> **Input for this task**
= = =
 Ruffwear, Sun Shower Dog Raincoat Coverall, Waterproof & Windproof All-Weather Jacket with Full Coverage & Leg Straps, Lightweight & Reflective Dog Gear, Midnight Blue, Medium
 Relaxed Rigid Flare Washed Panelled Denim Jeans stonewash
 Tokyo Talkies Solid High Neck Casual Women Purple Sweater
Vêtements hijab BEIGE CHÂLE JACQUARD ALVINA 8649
= = =
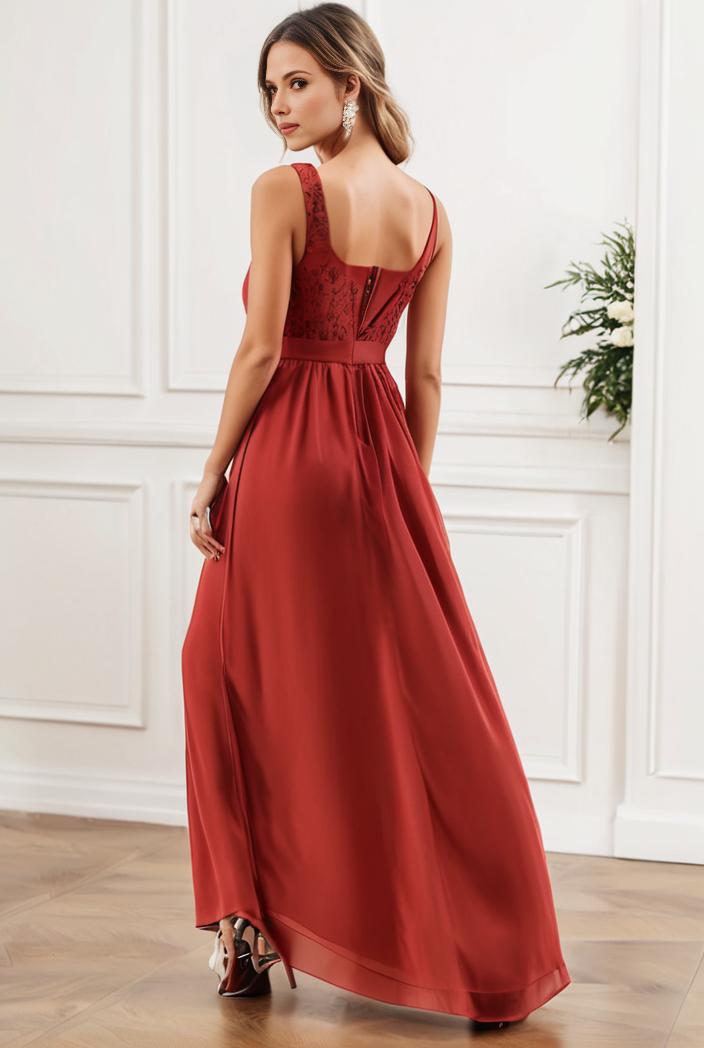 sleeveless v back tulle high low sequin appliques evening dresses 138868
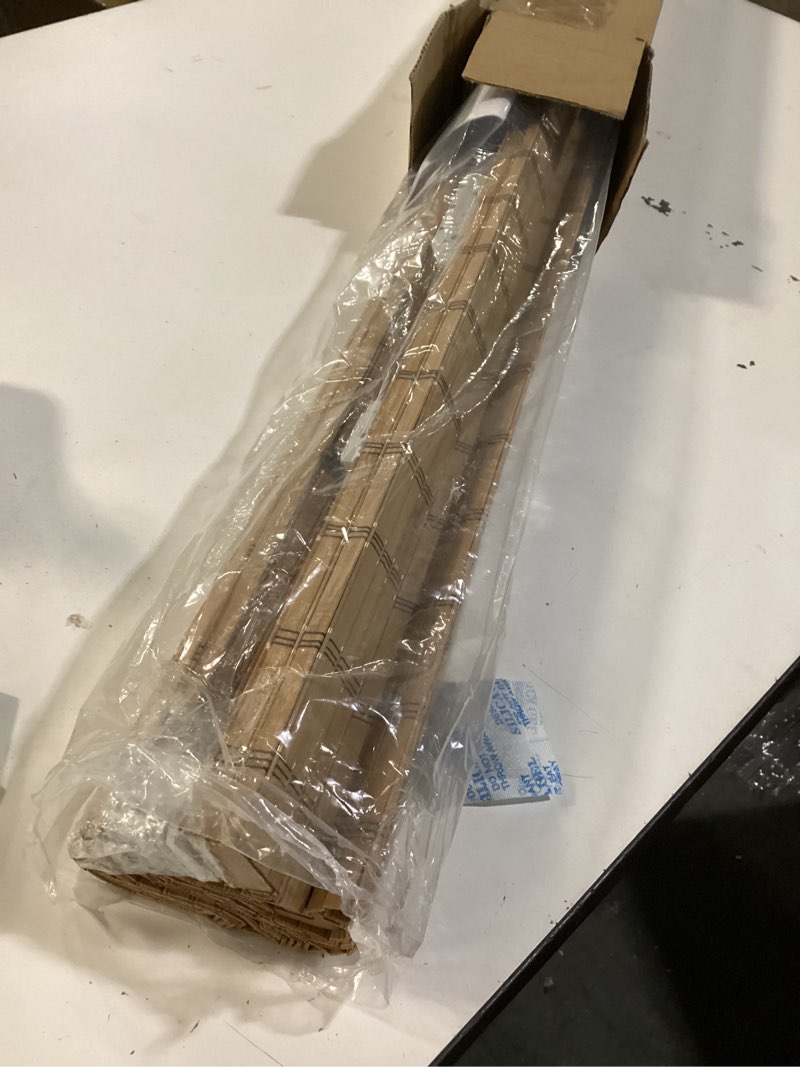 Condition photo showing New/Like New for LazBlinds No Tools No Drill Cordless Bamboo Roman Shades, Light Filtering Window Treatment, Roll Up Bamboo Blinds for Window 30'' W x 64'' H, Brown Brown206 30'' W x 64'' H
= = =
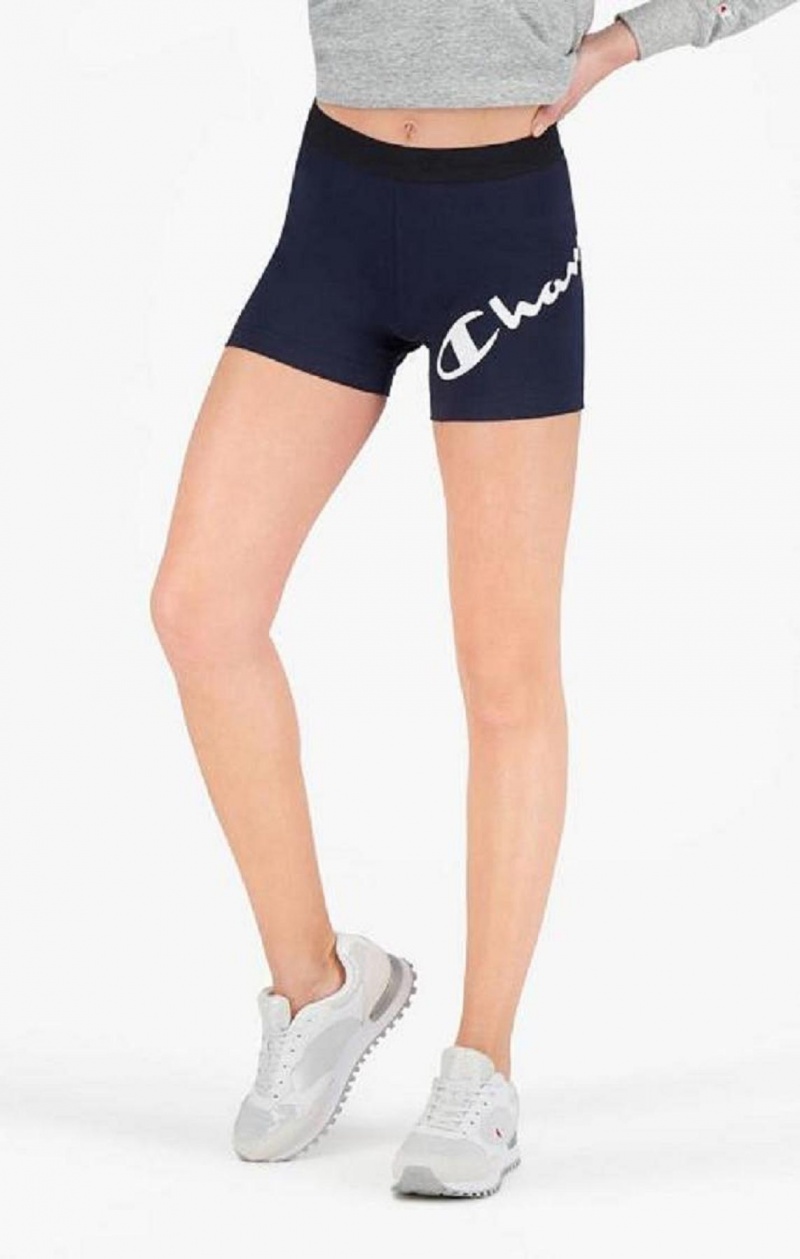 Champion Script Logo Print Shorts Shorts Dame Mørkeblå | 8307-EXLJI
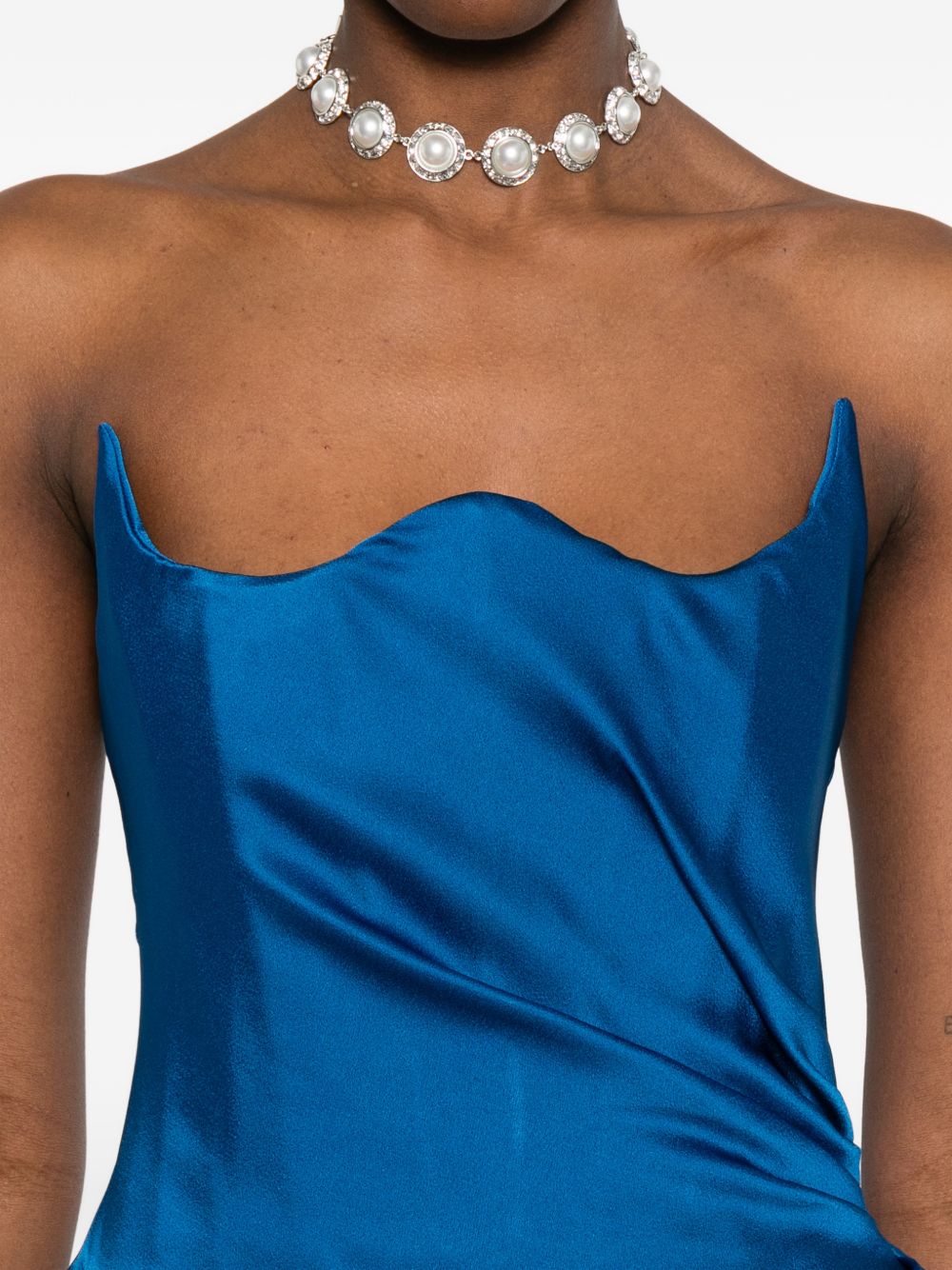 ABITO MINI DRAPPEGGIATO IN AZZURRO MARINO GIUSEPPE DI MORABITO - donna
= = =
> **Work order**
Copy out only the lines above from the one with "Ruffwear, Sun Shower" to the one with "Vêtements hijab BEIGE", inclusive, exactly as they stand.

> **Result below**
 Ruffwear, Sun Shower Dog Raincoat Coverall, Waterproof & Windproof All-Weather Jacket with Full Coverage & Leg Straps, Lightweight & Reflective Dog Gear, Midnight Blue, Medium
 Relaxed Rigid Flare Washed Panelled Denim Jeans stonewash
 Tokyo Talkies Solid High Neck Casual Women Purple Sweater
Vêtements hijab BEIGE CHÂLE JACQUARD ALVINA 8649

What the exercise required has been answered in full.